2. The RFID reader antenna of claim 1, wherein the plurality of
slot groups are disposed at a position in which a current
distribution value by the feeder is greater than a predetermined
current distribution value.
3. The RFID reader antenna of claim 1, wherein the plurality of
slot groups are disposed such that a phase difference between
transmission signals by the slot groups is smaller than a
predetermined phase difference.
4. The RFID reader antenna of claim 1, wherein the plurality of
slot groups are configured such that a strength value of the
transmission signals by the slot groups is greater than a
predetermined strength value.
5. The RFID reader antenna of claim 4, wherein the strength value
of the transmission signals by the slot groups is controlled
according to the length of a slot crossing the feeder.
6. The RFID reader antenna of claim 5, wherein the slot crossing
the feeder is configured such that its length is greater as the
slot is closer to the open end of the feeder.
7. The RFID reader antenna of claim 1, wherein the slot groups are
disposed such that transmission signals by the slot groups exhibit
the characteristics of circular polarization.
8. The RFID reader antenna of claim 7, wherein the characteristics
of the circular polarization of the transmission signals by the
slot groups are dependent upon the distance between the slots
constituting the slot groups.
9. The RFID reader antenna of claim 1, wherein the slots
constituting the slot groups are disposed such that the
transmission signals by the slots cross each other.

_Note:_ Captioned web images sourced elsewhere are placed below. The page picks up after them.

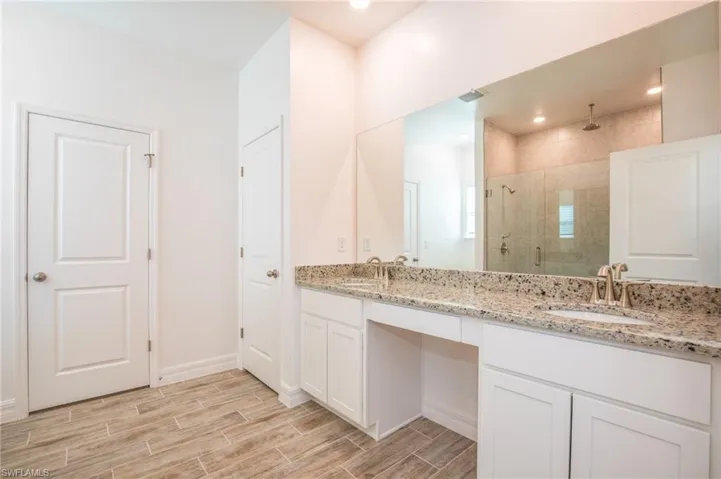 Bathroom with double vanity, a stall shower, and wood tiled floors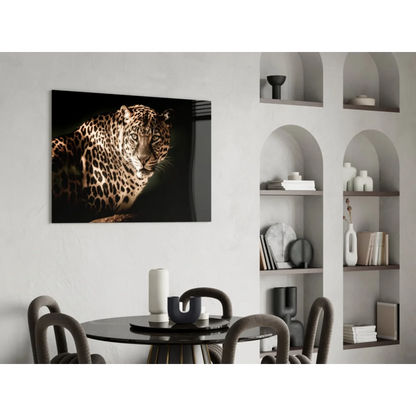 Striking black-and-gold leopard glass wall art on white wall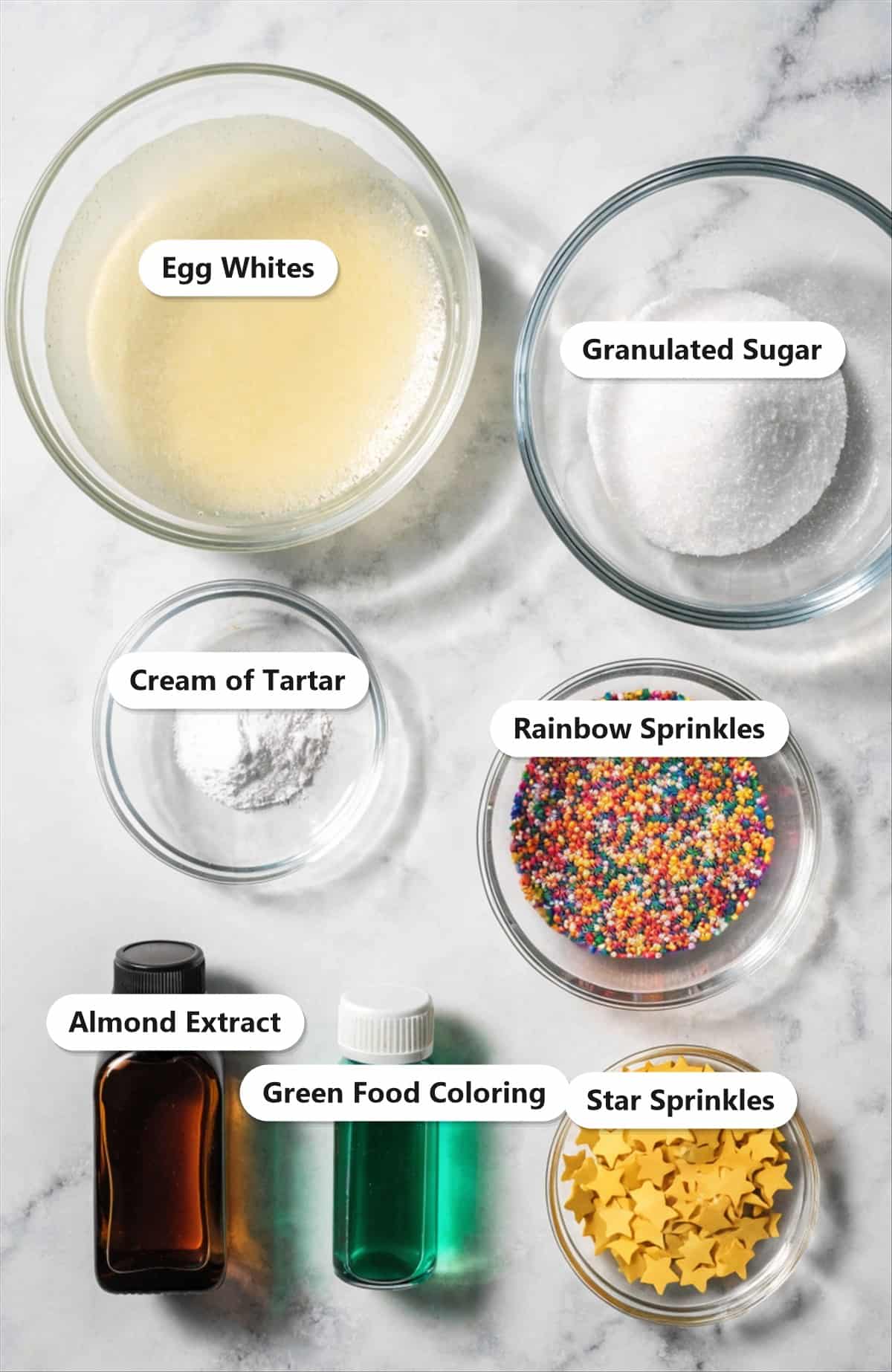 Labeled ingredients for Christmas tree meringue cookies including egg whites, granulated sugar, cream of tartar, almond extract, green food coloring, and sprinkles.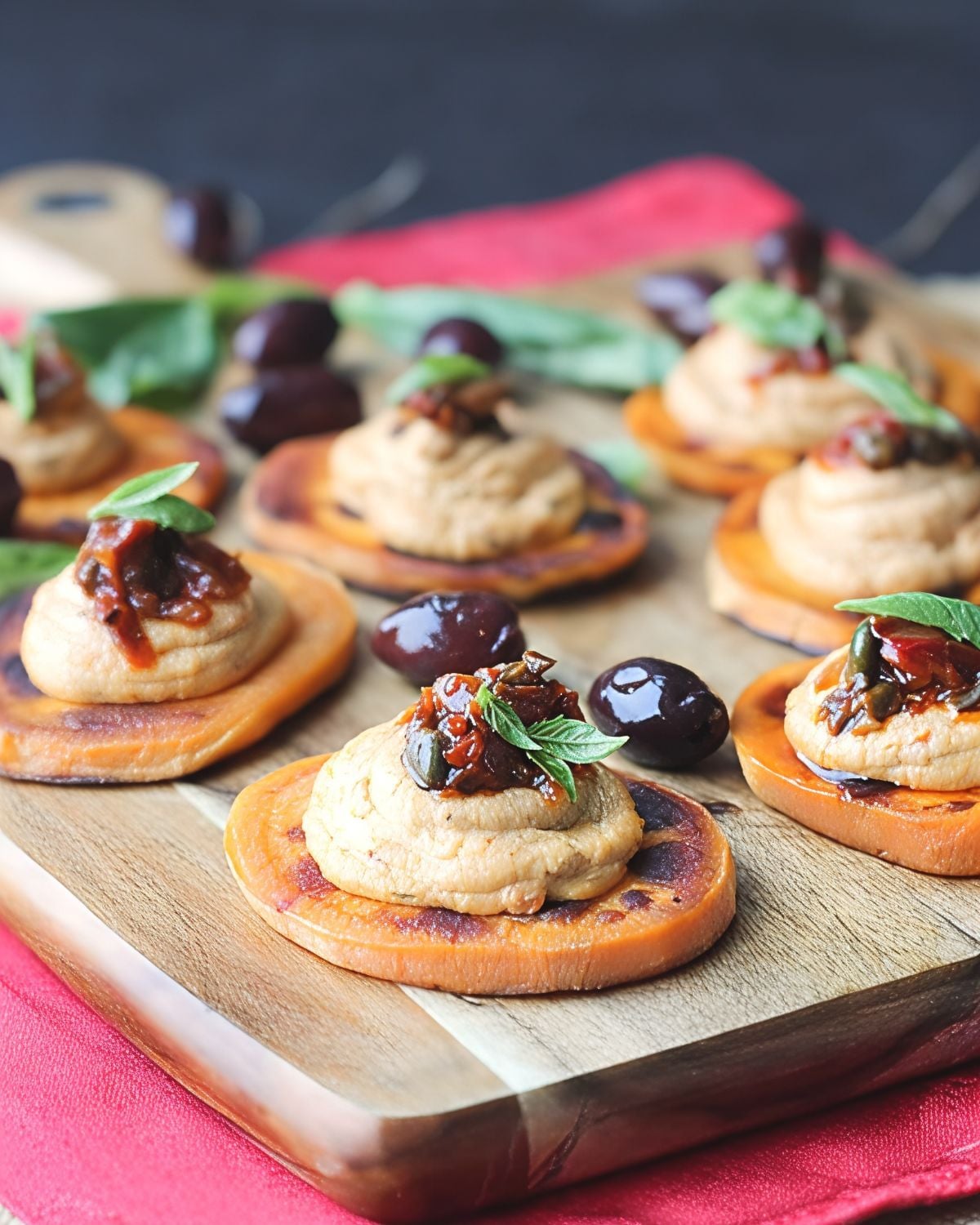 Roasted sweet potato rounds topped with creamy spread, sun-dried tomatoes, and fresh basil leaves, ideal for vegan Thanksgiving appetizers.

10. The RFID reader antenna of claim 1, wherein the slots
constituting the slot groups are disposed such that the phases of
the transmission signals by the slots are different.
11. The RFID reader antenna of claim 1, wherein the phases of the
transmission signals by the slots constituting the slot groups are
controlled according to the distance between the slots.

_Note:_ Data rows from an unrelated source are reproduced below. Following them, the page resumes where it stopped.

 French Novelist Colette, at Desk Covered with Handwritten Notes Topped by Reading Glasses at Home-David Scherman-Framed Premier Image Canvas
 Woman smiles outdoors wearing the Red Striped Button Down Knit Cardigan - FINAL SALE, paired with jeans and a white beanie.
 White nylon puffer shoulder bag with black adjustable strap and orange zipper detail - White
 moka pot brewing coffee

12. The RFID reader antenna of claim 1, wherein the feeder is
disposed such that standing waves are formed.
13. The RFID reader antenna of claim 1, wherein the feeder is
formed to provide serial feeding to the respective slot groups.
14. The RFID reader antenna of claim 1, wherein the feeder has the
form of meanders in order to compensate for its length.
15. The RFID reader antenna of claim 1, wherein the RFID reader
antenna uses an ultra-high frequency (UHF) wavelength.
16. The RFID reader antenna of claim 1, wherein the RFID reader
antenna provides both a near field and a far field.
17. A radio frequency identification (RFID) shelf including an RFID
reader antenna comprising: a printed circuit board (PCB) formed as
a dielectric substance; a plurality of slot groups, each having a
plurality of slots, disposed on a first face of the PCB; a ground
face disposed on areas, excluding the plurality of slot groups, of
the first face of the PCB; and a feeder formed as a microstrip line
with an open end on a second face of the PCB to feed the plurality
of slot groups.
18. The RFID shelf of claim 17, wherein the slot groups are
disposed such that transmission signals by the slot groups exhibit
the characteristics of circular polarization.
19. The RFID shelf of claim 18, wherein the characteristics of the
circular polarization of the transmission signals by the slot
groups are dependent upon the distance between the slots
constituting the slot groups.
20. The RFID shelf of claim 17, wherein the slots constituting the
slot groups are disposed such that the transmission signals by the
slots cross each other.
Description
CROSS-REFERENCE TO RELATED APPLICATIONS
[0001] This application claims the priorities of Korean Patent
Application Nos. 10-2009-0098314 filed on Oct. 15, 2009 and
10-2010-0010967 filed on Feb. 5, 2010, in the Korean Intellectual
Property Office, the disclosures of which are incorporated herein
by reference.
BACKGROUND OF THE INVENTION
[0002] 1. Field of the Invention
[0003] The present invention relates to an RFID reader antenna and
an RFID shelf having the same, and more particularly, to an RFID
reader antenna capable of simultaneously recognizing individual
items located within a short distance thereof, and an RFID shelf
having the same.
[0004] 2. Description of the Related Art
[0005] Currently, the field of RFID applications is extending
toward item level tagging (ILT) from the pallet, case or box-based
tagging.
[0006] In general, a high frequency (HF) band RFID technique has
been favored for ILT, which, however, is admitted to have problems
with tag size and cost, recognition distance and data processing
rate, compatibility with an existing UHF (Ultra-High Frequency)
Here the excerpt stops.